Niemal tak samo efektowną bramkę strzelił Rzepiński w 77. minucie, wysuwając się tym samym na pozycję lidera listy snajperów okręgówki (aktualnie 15 trafień). Kropnął z lewej nogi, futbolówka odbiła się od poprzeczki i jak na złość przekroczyła linię. 8:0... Minęły trzy minuty i rezerwowy Adrian Kuik-Studziński miał swoją chwilę radości. 9:0... My wyglądaliśmy już z utęsknieniem końcowego gwizdka, w takich razach zwyczajnie nic innego nie pozostaje. W 83 min. Mariusz Góra obronił honor debrznian. Zagrywał Władyczak, piłkę otrzymał na prawej stronie Jakub Bruski i dokładnie dograł do nadbiegającego Góry, a ten z kilku metrów pewnie pokonał Tomasza Mrozka-Gliszczyńskiego. Gol mógł zresztą paść 60 sekund wcześniej, gdy Góra uderzył silnie w światło bramki, lecz wówczas Mrozek-Gliszczyński zdołał wybić piłkę na róg.

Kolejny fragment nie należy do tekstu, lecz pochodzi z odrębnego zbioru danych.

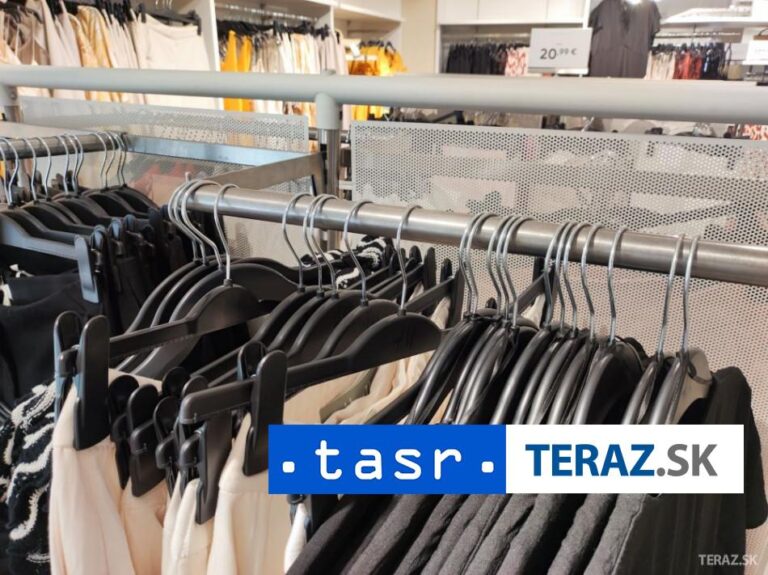 Inflácia vo Francúzsku sa v novembri udržala pod 1 %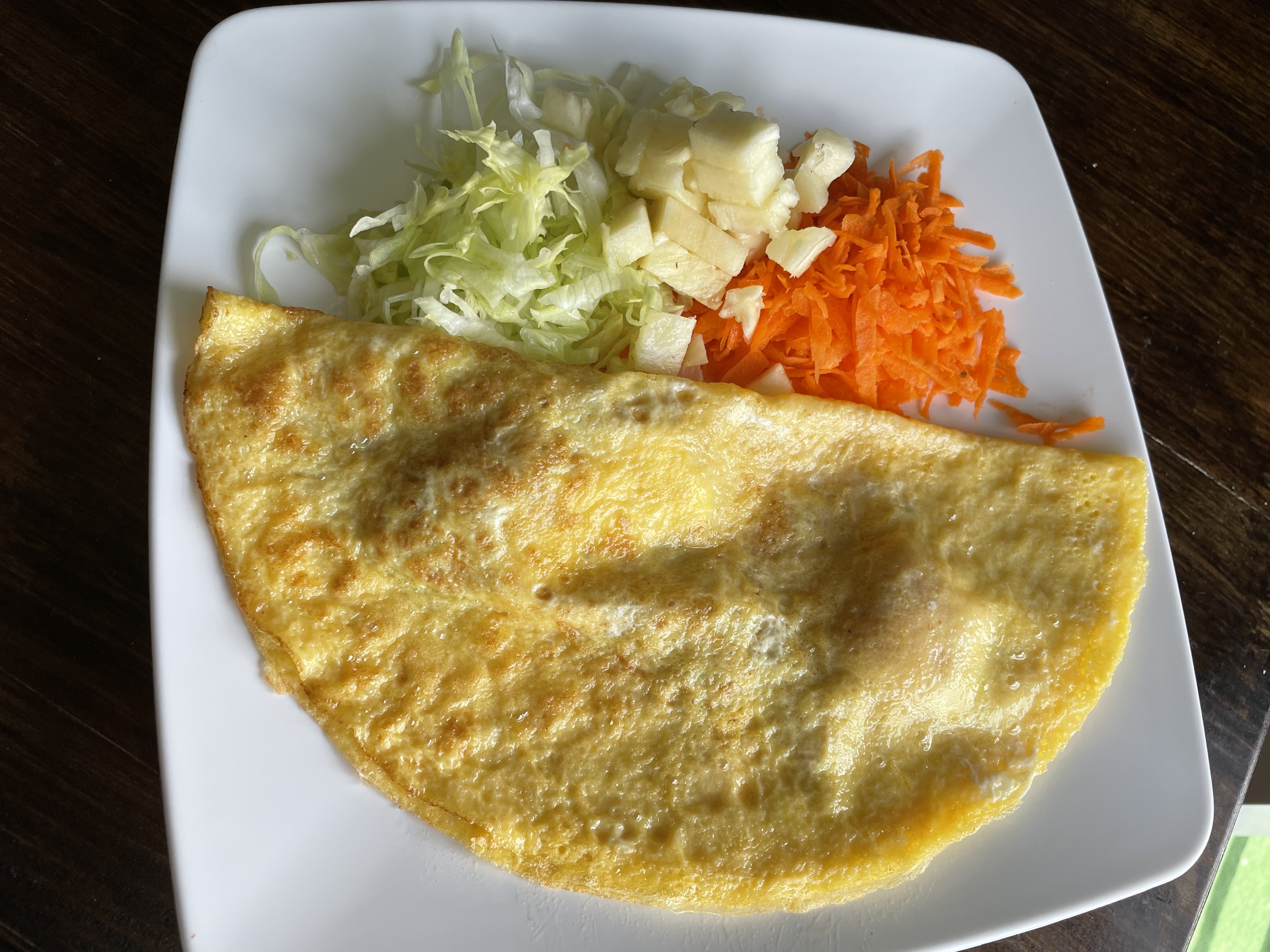 Restaurante Tempranillo Tlax. image 6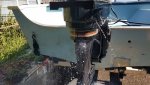 20170624_1644520.jpg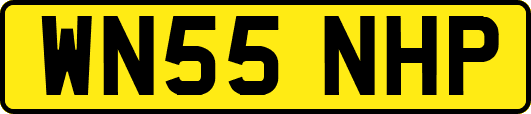 WN55NHP
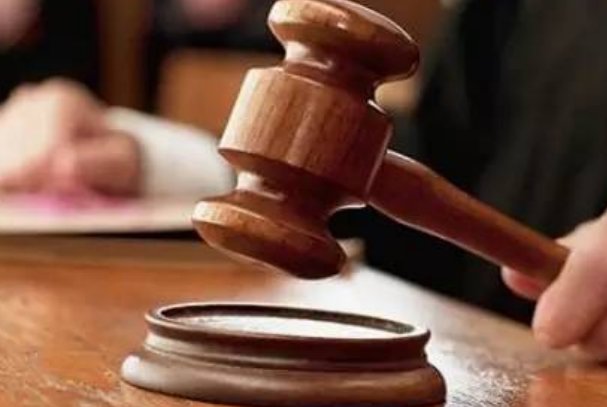 郭利案最终的结果怎么样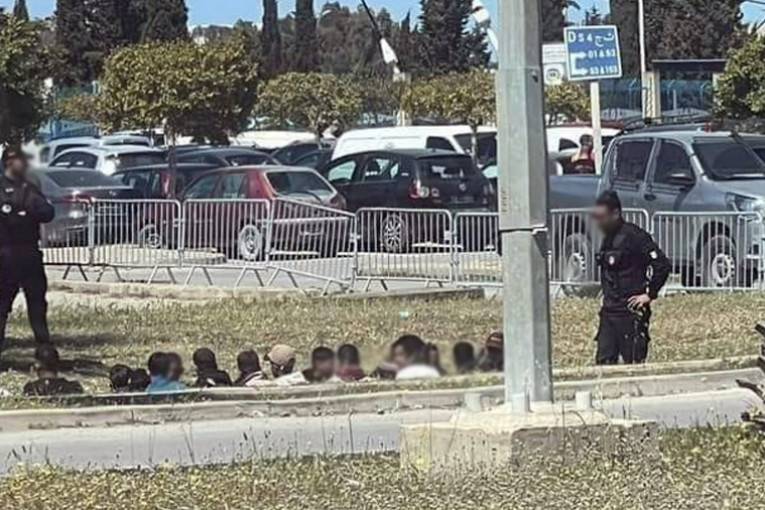 منظمات وطنية: الداخلية انتهكت كرامة جماهير رياضية والمحاسبة ضرورية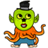 KillianMick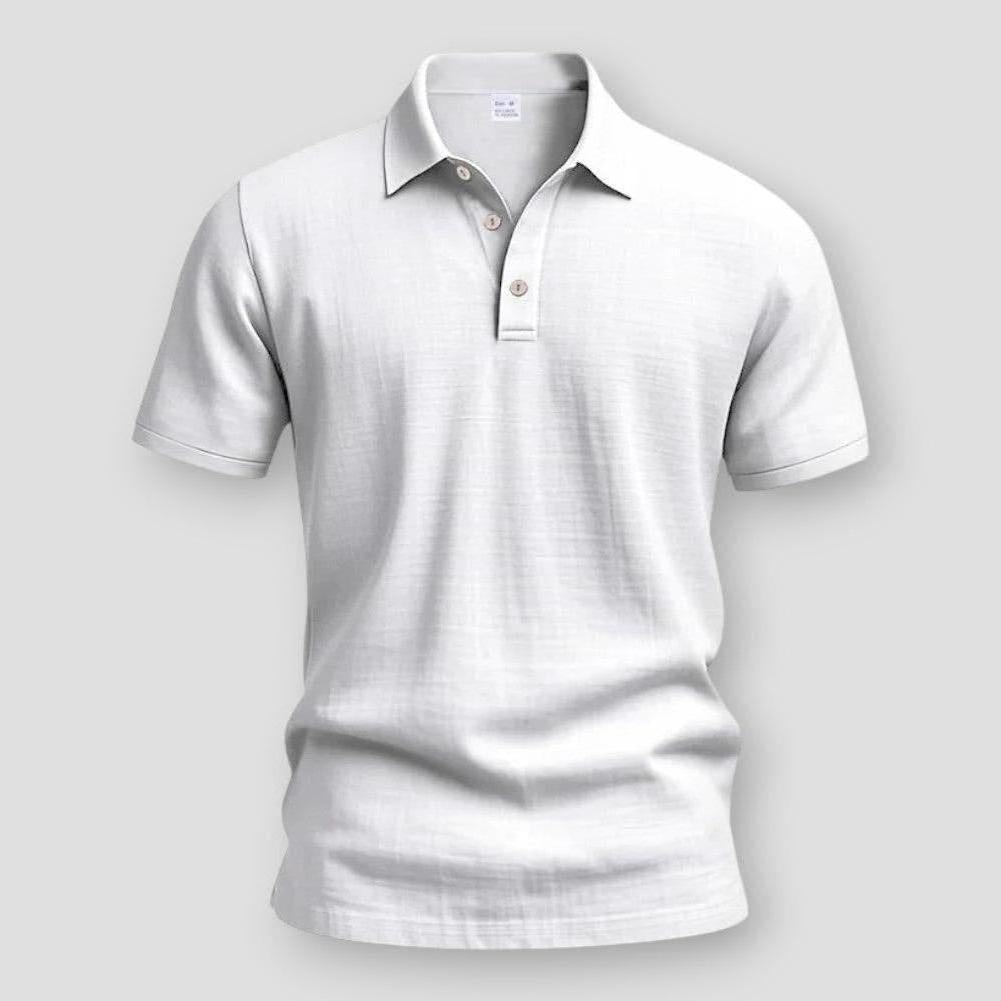 Saint Martin Nome Polo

Niestety, nie uniknęliśmy dziesiątego trafienia gospodarzy. W 86. minucie Słonkę zaskoczył zmiennik z ławki Tomasz Piechowski ustalając rezultat na 10:1... Istny koszmar! Mecz z urazami kończyli F. Malmon, Wojciech Taras i Bartłomiej Lica, przy czym ten ostatni zszedł z murawy już w 21. minucie po bardzo ostrym wejściu Erdmanna. Pomocnik Lipniczanki miał furę szczęścia, że arbiter Andrzej Cyrson wyjął jedynie żółty kartonik, bo równie dobrze mógł pokazać "czerwień".

27 października o godz.15.00 gramy u siebie ze Stalą Jezierzyce. Oby po tej konfrontacji nastroje były zgoła odmienne od tych w ostatnich tygodniach.